_DATA FOR ANALYSIS_:
↓

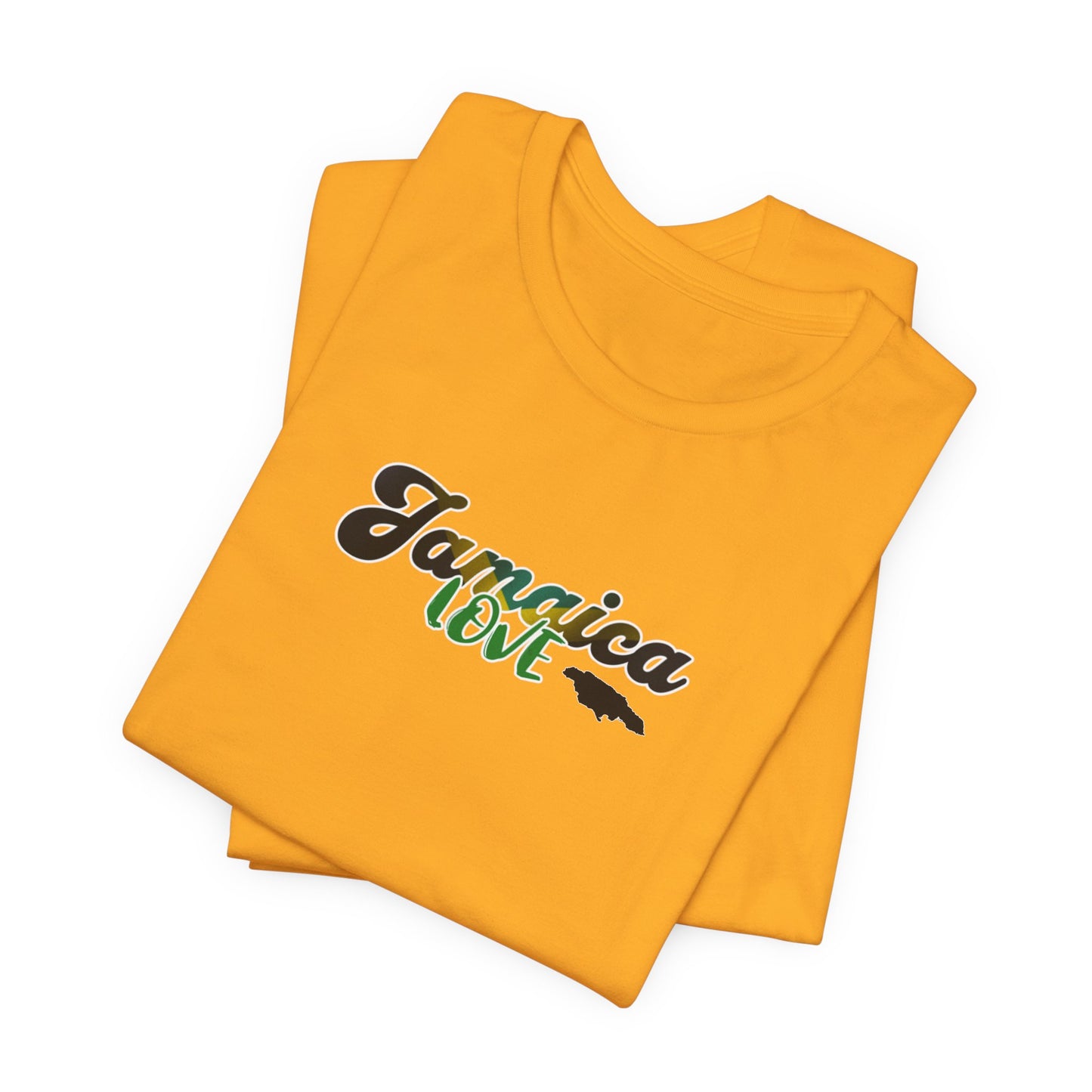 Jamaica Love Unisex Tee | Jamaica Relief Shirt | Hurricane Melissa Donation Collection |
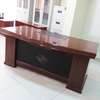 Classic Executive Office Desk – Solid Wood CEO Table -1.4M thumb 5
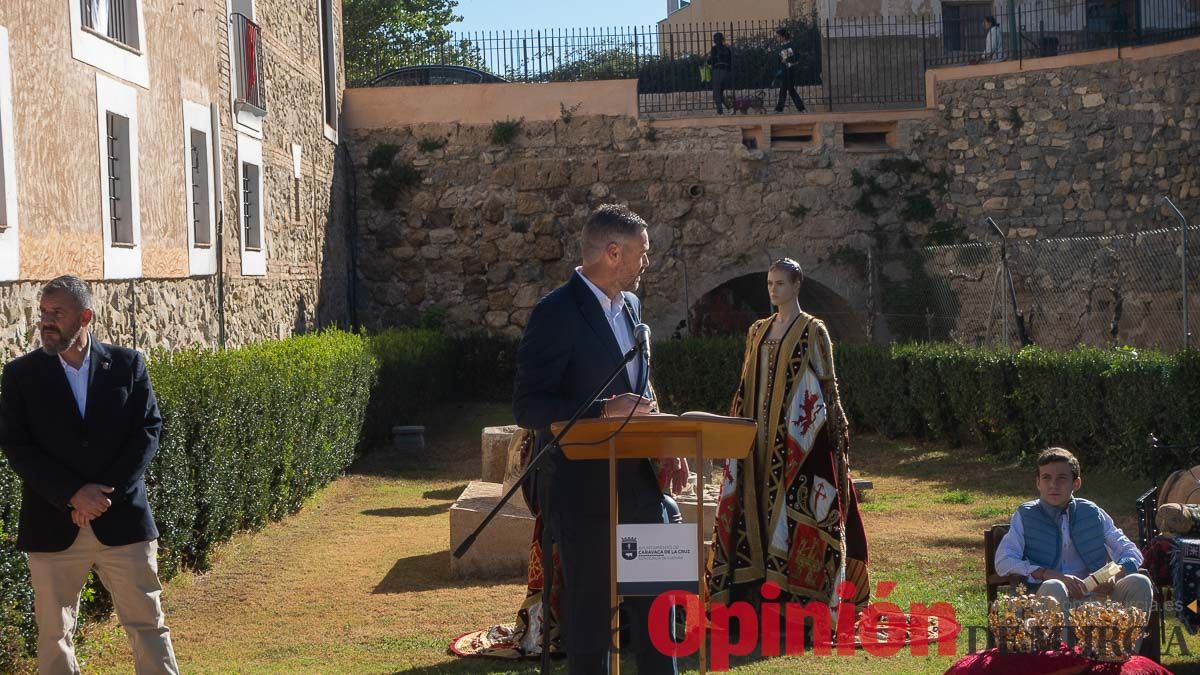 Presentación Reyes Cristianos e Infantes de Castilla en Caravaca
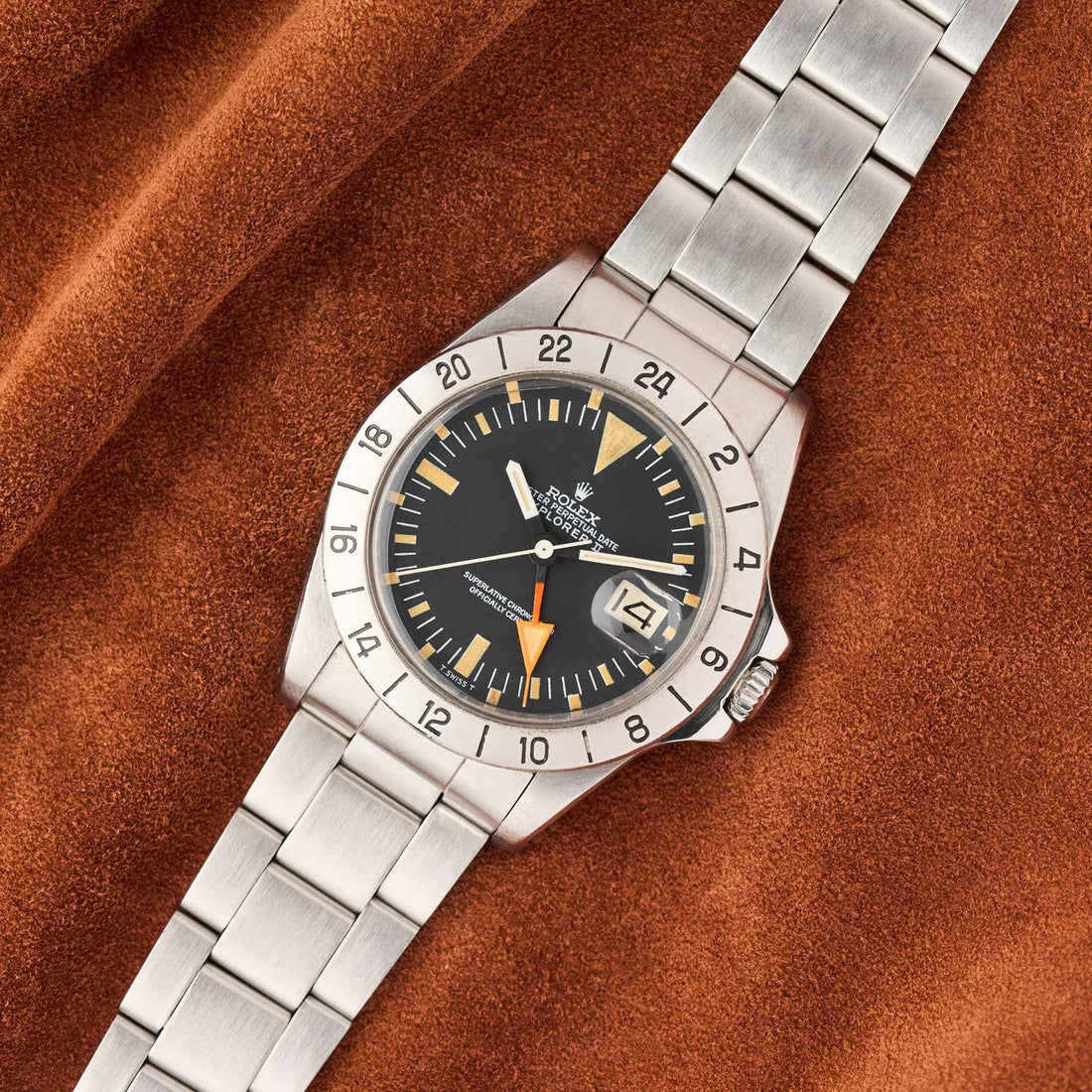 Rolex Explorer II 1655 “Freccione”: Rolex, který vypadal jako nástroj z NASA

↑
↓

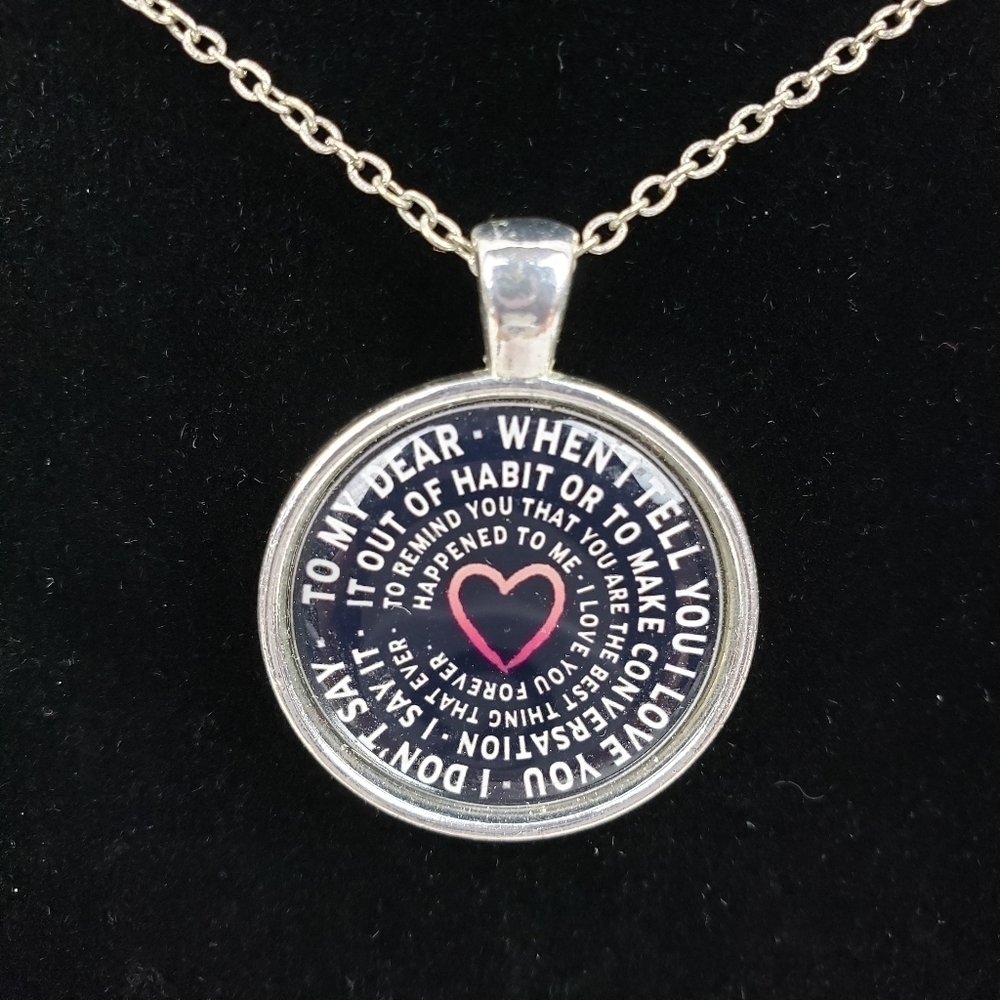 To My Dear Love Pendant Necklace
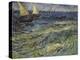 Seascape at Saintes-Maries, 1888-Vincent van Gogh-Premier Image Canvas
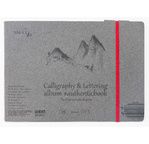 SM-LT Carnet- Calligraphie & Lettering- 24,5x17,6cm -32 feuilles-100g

↑
↓

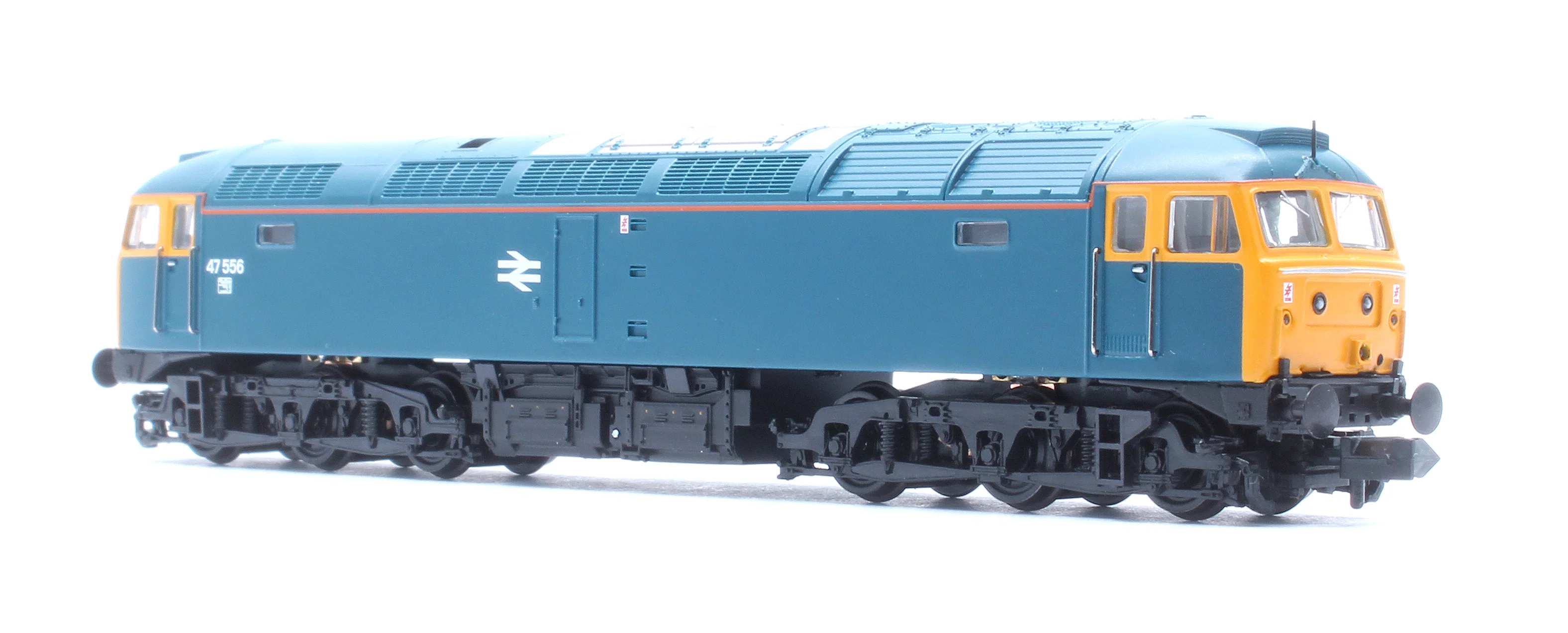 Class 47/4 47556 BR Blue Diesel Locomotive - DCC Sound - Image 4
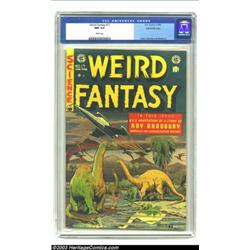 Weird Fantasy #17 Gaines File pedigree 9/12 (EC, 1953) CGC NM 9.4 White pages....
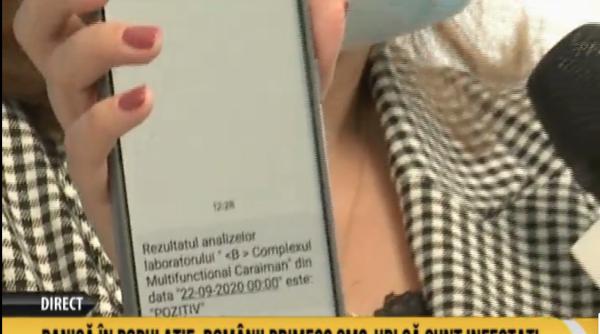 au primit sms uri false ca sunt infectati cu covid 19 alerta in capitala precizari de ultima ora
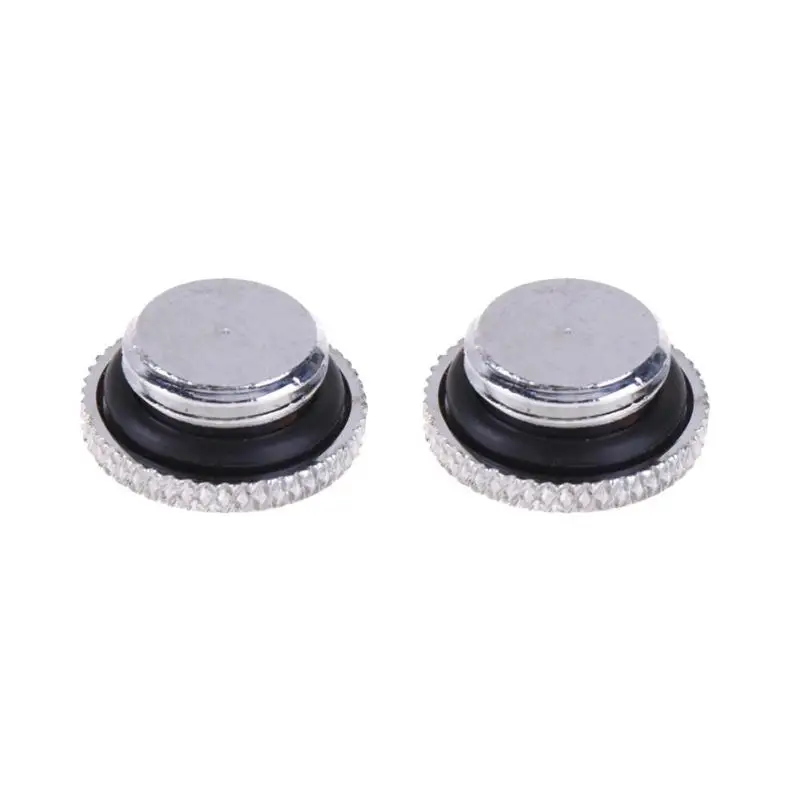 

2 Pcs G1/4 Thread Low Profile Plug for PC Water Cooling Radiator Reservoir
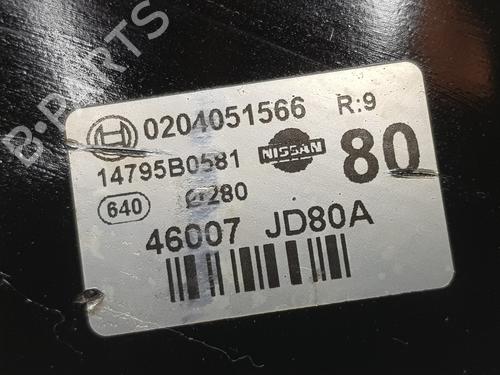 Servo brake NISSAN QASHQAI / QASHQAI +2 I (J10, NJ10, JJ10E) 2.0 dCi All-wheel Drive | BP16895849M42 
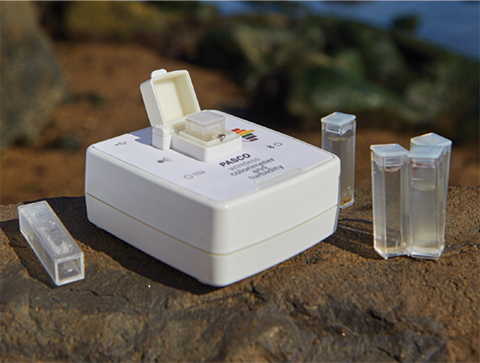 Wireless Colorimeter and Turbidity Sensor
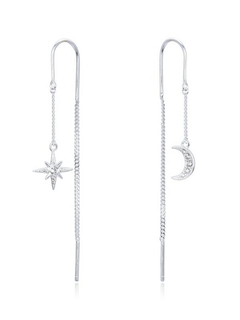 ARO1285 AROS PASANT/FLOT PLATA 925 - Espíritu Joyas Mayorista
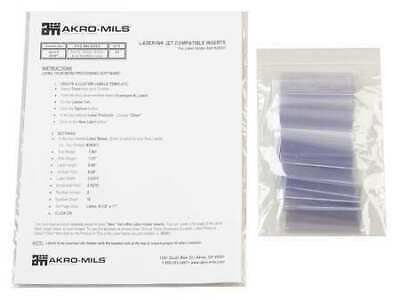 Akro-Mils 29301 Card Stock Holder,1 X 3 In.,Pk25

↑

_WHAT IS EXPECTED_:
Would you write out exactly the lines above, starting at the line containing "Jamaica Love Unisex" and stopping after the line containing "Rolex Explorer II"? Omit the pictures.

_TASK OUTPUT_:
 Jamaica Love Unisex Tee | Jamaica Relief Shirt | Hurricane Melissa Donation Collection |
 Classic Executive Office Desk – Solid Wood CEO Table -1.4M thumb 5
 Presentación Reyes Cristianos e Infantes de Castilla en Caravaca
 Rolex Explorer II 1655 “Freccione”: Rolex, který vypadal jako nástroj z NASA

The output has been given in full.